My manager seems exceptionally happy with my quality and quantity of work that I'm putting out and she commends me on my performance almost daily, but is it enough? I normally wouldn't question it, only that she degrades other staff members to me (in confidence) so I can only believe that she degrades me to other staff members in kind.

I got home today and I was annoyed with myself. I had a good day at work today and met some crazy high milestones but I was frustrated with the other things that have fallen by the wayside somewhat as a result. It doesn't leave me feeling too good about myself in general so I tried to write on Hive.

BLANK.

I went through photos to try and see if I could get my creative writing juices flowing but everything felt flat. I write content and edit photos all day each day now and I write captions that need to capture attention and convert. That is my job. It's tricky because while I have experience doing this, I haven't been in this particular type of company before and lack a lot of the history leaving me on the backfoot at times, but I endure. I do research, I trawl through press releases and videos to get up to speed and I absorb oodles of information during the day.

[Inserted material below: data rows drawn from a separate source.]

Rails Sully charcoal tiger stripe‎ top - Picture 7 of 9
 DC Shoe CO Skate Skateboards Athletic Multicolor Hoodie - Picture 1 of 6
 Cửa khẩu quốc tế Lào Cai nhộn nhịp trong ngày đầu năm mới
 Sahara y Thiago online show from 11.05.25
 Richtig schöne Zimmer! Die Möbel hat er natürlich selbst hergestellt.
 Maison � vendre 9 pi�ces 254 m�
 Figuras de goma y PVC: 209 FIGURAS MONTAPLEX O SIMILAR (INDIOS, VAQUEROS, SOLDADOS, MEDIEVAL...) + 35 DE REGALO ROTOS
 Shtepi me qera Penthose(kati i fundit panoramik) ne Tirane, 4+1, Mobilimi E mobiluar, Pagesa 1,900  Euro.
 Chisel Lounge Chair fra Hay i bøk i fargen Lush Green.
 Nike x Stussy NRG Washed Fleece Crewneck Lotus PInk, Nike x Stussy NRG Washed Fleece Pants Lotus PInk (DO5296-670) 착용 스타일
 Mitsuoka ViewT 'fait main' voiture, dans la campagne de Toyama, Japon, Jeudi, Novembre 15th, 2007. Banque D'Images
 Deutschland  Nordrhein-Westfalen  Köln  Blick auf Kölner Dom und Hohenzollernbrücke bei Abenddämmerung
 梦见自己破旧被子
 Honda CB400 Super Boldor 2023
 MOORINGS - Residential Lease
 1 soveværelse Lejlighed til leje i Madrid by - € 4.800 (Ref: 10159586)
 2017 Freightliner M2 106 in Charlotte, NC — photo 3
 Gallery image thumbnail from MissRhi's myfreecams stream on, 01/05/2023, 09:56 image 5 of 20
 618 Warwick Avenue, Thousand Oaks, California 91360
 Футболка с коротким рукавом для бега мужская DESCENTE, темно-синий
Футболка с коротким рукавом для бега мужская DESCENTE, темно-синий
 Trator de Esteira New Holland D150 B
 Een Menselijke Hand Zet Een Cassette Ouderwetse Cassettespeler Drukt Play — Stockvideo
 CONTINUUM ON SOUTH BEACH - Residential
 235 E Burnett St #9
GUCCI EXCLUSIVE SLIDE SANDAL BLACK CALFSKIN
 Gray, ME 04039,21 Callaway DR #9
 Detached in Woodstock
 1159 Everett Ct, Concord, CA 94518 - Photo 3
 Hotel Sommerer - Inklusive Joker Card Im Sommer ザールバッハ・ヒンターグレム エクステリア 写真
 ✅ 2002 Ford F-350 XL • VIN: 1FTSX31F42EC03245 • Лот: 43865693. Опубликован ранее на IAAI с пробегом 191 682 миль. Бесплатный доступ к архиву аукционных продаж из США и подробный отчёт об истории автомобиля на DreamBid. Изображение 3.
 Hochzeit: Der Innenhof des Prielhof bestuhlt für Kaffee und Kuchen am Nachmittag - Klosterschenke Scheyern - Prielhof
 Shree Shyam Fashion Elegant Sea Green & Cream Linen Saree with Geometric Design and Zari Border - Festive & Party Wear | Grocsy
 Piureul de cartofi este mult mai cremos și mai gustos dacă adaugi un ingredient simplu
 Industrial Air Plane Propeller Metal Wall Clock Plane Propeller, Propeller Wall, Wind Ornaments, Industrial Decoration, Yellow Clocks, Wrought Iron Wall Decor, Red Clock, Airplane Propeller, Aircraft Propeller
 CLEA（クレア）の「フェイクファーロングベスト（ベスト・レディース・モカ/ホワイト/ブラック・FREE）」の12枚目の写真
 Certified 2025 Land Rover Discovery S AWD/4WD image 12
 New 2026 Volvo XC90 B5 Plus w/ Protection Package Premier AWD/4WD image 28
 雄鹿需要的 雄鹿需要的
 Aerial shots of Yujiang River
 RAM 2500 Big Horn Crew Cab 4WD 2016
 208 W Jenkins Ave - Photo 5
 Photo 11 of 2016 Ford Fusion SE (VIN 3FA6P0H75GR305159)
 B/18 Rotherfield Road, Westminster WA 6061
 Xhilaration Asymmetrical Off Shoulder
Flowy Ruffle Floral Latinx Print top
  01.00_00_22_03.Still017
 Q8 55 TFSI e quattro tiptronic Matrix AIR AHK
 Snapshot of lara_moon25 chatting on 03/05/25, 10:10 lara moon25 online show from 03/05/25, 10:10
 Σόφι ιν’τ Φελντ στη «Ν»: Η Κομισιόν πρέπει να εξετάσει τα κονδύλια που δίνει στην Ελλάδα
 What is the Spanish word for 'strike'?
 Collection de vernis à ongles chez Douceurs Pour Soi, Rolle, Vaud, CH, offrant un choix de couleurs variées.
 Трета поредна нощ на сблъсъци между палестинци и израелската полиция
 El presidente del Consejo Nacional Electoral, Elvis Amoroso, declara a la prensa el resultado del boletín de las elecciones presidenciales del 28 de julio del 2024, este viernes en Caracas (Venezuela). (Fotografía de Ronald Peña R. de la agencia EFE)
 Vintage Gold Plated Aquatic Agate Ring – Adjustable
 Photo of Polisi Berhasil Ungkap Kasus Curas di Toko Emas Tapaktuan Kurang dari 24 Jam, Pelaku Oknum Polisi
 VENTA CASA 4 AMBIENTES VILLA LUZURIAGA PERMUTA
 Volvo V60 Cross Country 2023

By the time I get home, my head is zinging, my ears are ringing and I've been going to bed by 9pm to try and keep my health as priority over the myriad other things I could be doing. Where do I set the bar for Hive? Well, I've never really set the bar on anything that I do, I've always looked to others to set the standard for me and then I reach for that. It leaves me with a dichotomy as I am reaching the bar at work (they haven't fired me yet and I've reached every deadline they've set plus more), but I still feel like I'm failing here. I missed comments the last two days and felt horrendously guilty today when I replied to them late. It's strange because when people reply to my comments late, I don't worry about it at all...I know that life happens and give people a lot of room for being human. Perhaps that's what made me a good manager at my previous positions, perhaps that's what made me a shit manager at my previous positions...depends who you ask I suppose.

So while things are definitely looking up in terms of experience and workflow, getting stuck into projects that I can get creative with, being part of a team again working towards a common goal, helping others when they need it, I don't feel like I've accomplished anything concrete yet.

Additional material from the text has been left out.